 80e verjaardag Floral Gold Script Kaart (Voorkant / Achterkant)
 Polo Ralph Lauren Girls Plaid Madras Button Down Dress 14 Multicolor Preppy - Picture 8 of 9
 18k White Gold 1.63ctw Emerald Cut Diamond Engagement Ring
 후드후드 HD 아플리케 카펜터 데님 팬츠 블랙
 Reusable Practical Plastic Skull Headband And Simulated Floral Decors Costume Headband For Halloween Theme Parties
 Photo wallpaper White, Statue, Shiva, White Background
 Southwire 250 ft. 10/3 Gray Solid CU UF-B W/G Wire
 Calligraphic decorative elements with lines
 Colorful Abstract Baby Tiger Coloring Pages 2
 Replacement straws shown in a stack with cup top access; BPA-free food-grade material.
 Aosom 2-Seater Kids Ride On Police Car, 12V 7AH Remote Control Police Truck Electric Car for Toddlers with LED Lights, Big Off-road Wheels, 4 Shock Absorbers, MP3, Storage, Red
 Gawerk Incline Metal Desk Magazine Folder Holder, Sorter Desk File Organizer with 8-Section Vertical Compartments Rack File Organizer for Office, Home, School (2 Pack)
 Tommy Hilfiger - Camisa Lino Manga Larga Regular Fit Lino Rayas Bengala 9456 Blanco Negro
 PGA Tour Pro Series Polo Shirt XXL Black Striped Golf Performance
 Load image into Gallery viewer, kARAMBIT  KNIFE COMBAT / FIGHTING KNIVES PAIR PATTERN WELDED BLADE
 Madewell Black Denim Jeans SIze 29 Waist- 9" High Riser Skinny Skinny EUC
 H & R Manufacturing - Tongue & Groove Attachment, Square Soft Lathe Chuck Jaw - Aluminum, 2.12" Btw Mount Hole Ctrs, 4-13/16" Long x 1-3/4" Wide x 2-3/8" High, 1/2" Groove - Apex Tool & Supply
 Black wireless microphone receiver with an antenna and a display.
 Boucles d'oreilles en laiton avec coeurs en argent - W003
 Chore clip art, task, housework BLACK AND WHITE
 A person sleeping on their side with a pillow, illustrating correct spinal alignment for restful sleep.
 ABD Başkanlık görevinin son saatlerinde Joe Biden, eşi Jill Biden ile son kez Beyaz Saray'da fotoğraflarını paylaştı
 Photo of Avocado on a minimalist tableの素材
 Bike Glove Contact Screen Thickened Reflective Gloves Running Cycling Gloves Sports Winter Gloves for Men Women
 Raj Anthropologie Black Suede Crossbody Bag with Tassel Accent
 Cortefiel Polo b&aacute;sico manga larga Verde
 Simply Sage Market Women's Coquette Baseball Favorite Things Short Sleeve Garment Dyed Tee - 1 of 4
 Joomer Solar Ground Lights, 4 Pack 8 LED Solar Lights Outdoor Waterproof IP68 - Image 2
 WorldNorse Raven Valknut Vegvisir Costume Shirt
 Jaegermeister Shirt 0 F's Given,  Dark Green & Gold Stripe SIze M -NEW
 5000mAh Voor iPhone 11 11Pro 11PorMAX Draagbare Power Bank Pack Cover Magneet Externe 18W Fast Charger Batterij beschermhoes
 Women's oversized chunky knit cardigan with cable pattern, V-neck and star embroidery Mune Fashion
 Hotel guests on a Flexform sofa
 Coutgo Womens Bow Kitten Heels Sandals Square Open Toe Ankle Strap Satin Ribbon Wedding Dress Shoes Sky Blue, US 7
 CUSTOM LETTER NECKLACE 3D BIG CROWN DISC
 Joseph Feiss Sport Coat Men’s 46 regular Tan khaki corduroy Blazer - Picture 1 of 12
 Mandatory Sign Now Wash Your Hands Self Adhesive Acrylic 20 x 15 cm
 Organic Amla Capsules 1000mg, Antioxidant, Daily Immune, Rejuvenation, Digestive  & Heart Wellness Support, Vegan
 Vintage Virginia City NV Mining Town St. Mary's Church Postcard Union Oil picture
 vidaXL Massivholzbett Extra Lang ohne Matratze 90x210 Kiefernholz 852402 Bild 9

◇ ◇ ◇

WHAT THE TASK ASKS -> Once you reach the line containing "Joseph Feiss Sport Coat", transcribe it and each line after it through the end of the material, exactly and with nothing added.

EXPECTED OUTPUT ->
 Joseph Feiss Sport Coat Men’s 46 regular Tan khaki corduroy Blazer - Picture 1 of 12
 Mandatory Sign Now Wash Your Hands Self Adhesive Acrylic 20 x 15 cm
 Organic Amla Capsules 1000mg, Antioxidant, Daily Immune, Rejuvenation, Digestive  & Heart Wellness Support, Vegan
 Vintage Virginia City NV Mining Town St. Mary's Church Postcard Union Oil picture
 vidaXL Massivholzbett Extra Lang ohne Matratze 90x210 Kiefernholz 852402 Bild 9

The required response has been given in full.